The lodge (right), thought to be one of the finest examples of the work of architect James Bunstone Bunning, is being sold to its tenant under the Government's right to buy legislation.

The Friends of Nunhead Cemetery believe that West Lodge, one of two Grade II listed gate lodges at the site in Linden Grove, Southwark, should be kept in public hands as a permanent warden's lodge.

Daniel Mannix, a former park warden, is buying the lodge, built in 1844 and valued at pounds 105,000, from Southwark Council for pounds 55,000. It became a council house after being rennovated 13 years ago.

For the past 10 years, Mr Mannix has lived in the one-storey early Victorian building with its stone porch and square columns in the mock Classical style which, with its 80ft garden and surround of conifer trees, is an ideal place his two children to play.

Because he has lived in the house, which was formerly linked to his job, for 10 years, Mr Mannix is entitled to the maximum discount of pounds 50,000.

Geoff Hart, co-ordinator of the Friends of Nunhead Cemetery, said: 'Buildings such as West Lodge and other park lodges should remain in public ownership. Danny isn't doing anything illegal, I have no fight with him.

'But if the council had thought to exclude buildings like this from the right to buy legislation, this could have been prevented.

Mr Mannix said: 'It's a smashing place. I used to adore it, but all the aggro I've had to go through to get it has soured the whole thing for me. The lobby against the sale has been so great that I feel like I have broken the law, and I have not. I just want to get a foot on the housing ladder. Once I get the house, I plan to sell it. After all, it is not a member of my family, it's just a house.'

Southwark Council said: 'People who think he is getting the house at a knock-down price will say it is a scandal. But Government legislation compels the council to sell the properties. It is then that the most desirable properties are snapped up.

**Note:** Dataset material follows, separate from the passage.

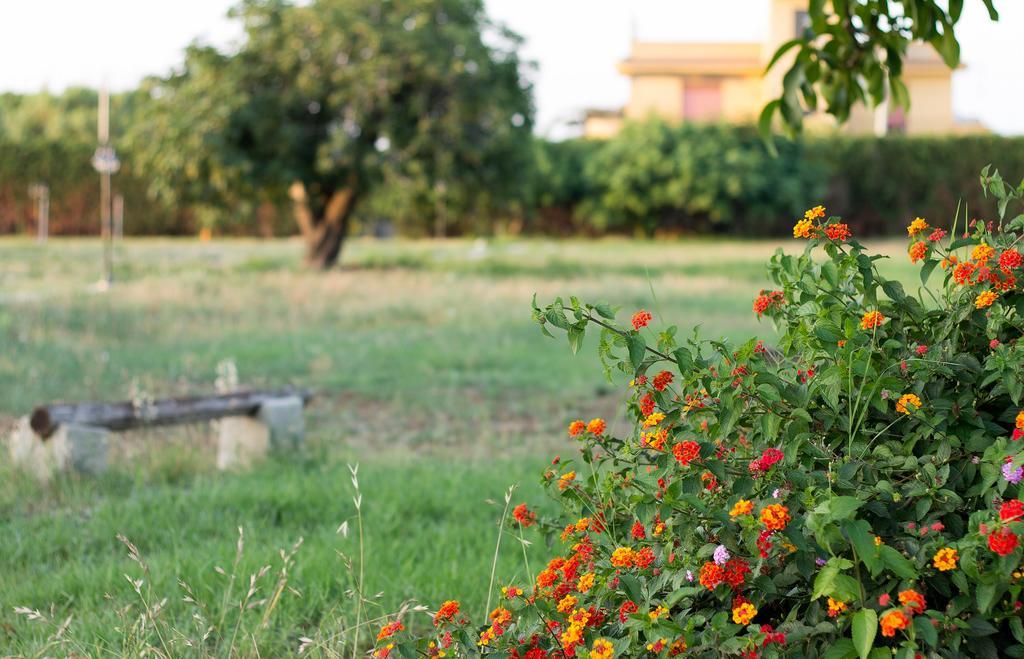 מילאצו Agriturismo Il Gelsomino Ritrovato מראה חיצוני תמונה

'Southwark is keen to retain the property because of the character of the building. We wrote to the Department of the Environment last year asking the Government to exempt properties such as these from the right to buy scheme. We felt the DoE had introduced it without looking closely at the law. But the department was unsympathetic and said the existing laws were adequate.

Nunhead Cemetery was built by the London Cemetery Company, the builders of Highgate Cemetery, and opened in 1840. Bunning laid out the 30-acre site and also designed the gates.

Southwark took over the cemetery in the mid-Seventies after it fell into disrepair, and reopened part for burials in 1980. Other notable London buildings by Bunning include the Coal Exchange in Lower Thames Street, demolished to make way for an office block, and Holloway Prison.